Type: Package
Title: Precision Agriculture Data Analysis
Version: 1.0.2
Description: Precision agriculture spatial data depuration and homogeneous zones (management zone) delineation. The package includes functions that performs protocols for data cleaning management zone delineation and zone comparison; protocols are described in Paccioretti et al., (2020) <doi:10.1016/j.compag.2020.105556>.
License: MIT + file LICENSE
Encoding: UTF-8
LazyData: true
RoxygenNote: 7.3.3
Imports: data.table, e1071, gstat, sf, spdep, stats
Depends: R (≥ 2.10)
Suggests: testthat, concaveman, units, SpatialPack, stars, knitr, rmarkdown, ggplot2
URL: https://ppaccioretti.github.io/paar/, https://github.com/PPaccioretti/paar
VignetteBuilder: knitr, rmarkdown
BugReports: https://github.com/PPaccioretti/paar/issues
NeedsCompilation: no
Packaged: 2026-03-19 20:13:15 UTC; ariel
Author: Pablo Paccioretti [aut, cre, cph], Mariano Córdoba [aut], Franca Giannini-Kurina [aut], Mónica Balzarini [aut]
Maintainer: Pablo Paccioretti <pablopaccioretti@agro.unc.edu.ar>
Repository: CRAN
Date/Publication: 2026-03-19 20:40:02 UTC

Barley grain yield

Description

A dataset containing Barley grain yield using calibrated commercial yield monitors mounted on combines equipped with DGPS.

Usage

barley

Format

A data frame with 7395 rows and 3 variables:

X

X coordinate, in meters

Y

Y coordinate, in meters

Yield

grain yield, in ton per hectare

Details

Coordinate reference system is "WGS 84 / UTM zone 20S", epsg:32720


Bind outlier condition to an object.

Description

Bind outlier condition to an object.

Usage

## S3 method for class 'paar'
cbind(..., deparse.level = 1)

Arguments

...

objects to bind.

deparse.level

integer controlling the construction of labels in the case of non-matrix-like arguments (for the default method):
deparse.level = 0 constructs no labels;
the default deparse.level = 1 typically and deparse.level = 2 always construct labels from the argument names, see the ‘Value’ section below.

Value

cbind called with m.


Compare means between spatial zones

Description

Compares variable means across spatial zones using a spatially-adjusted least significant difference (LSD) approach based on kriging variance.
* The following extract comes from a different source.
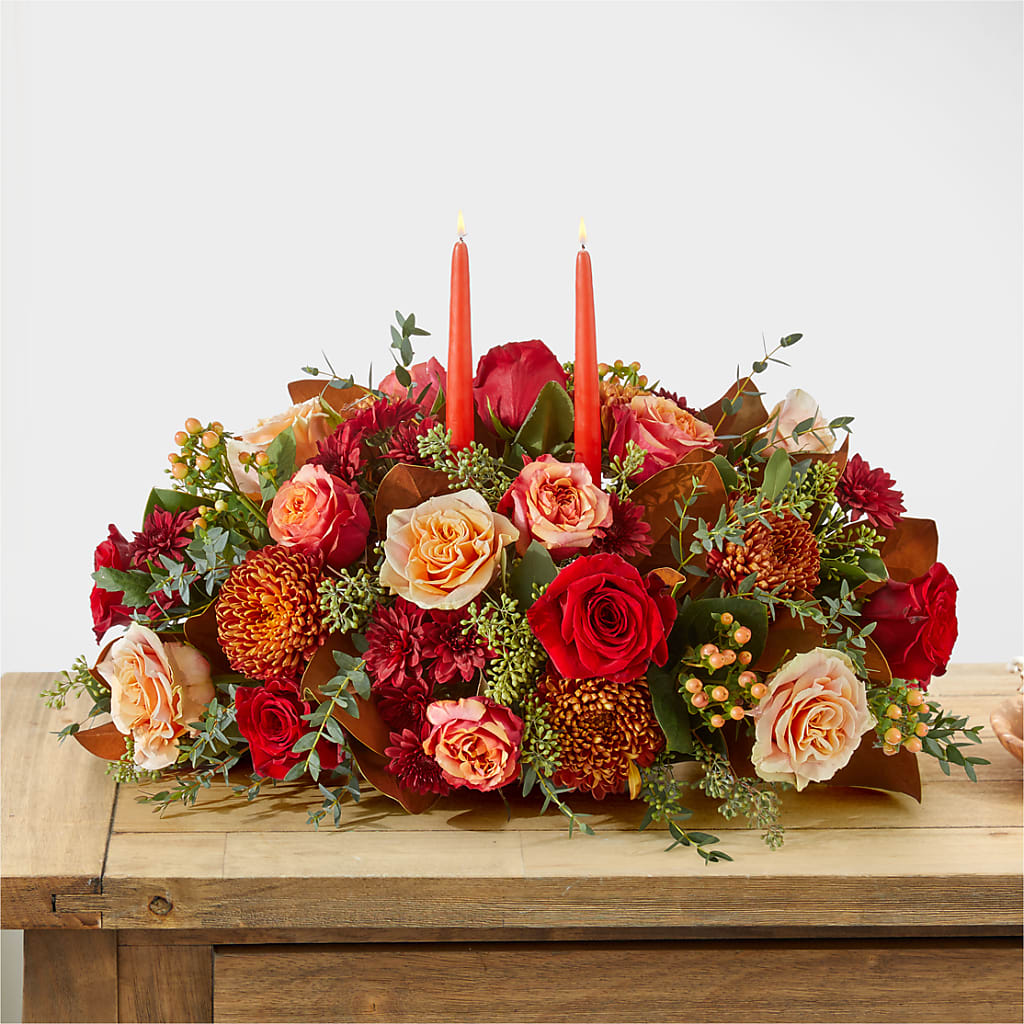 Gather Near Centerpiece – ELIZABETH'S BLUE GARDEN LLC, Raritan NJ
The function accounts for spatial variability by estimating semivariograms and deriving a spatial variance component, which is then used to assess differences between zone means.

Usage

compare_zone(
  data,
  variable,
  zonesCol,
  alpha = 0.05,
  join = sf::st_nearest_feature,
  returnLSD = FALSE,
  grid_dim
)

Arguments

data

an sf object containing the spatial zones

variable

either:

  • a character vector with column names in data, or

  • an sf object with external variables to be compared. In this case, values are spatially joined to data.

zonesCol

character. Column name in data defining zones

alpha

numeric. Significance level for mean comparison

join

function used in sf::st_join when variable is an external sf object (default: sf::st_nearest_feature)

returnLSD

logical. If TRUE, returns the LSD value used for comparisons

grid_dim

numeric. Grid resolution used to estimate spatial variance when interpolating external variables. If missing, it is automatically determined.

Details

When variable is an external sf object, values are interpolated using ordinary kriging before comparison. Otherwise, cross-validation of the variogram model is used to estimate spatial variance.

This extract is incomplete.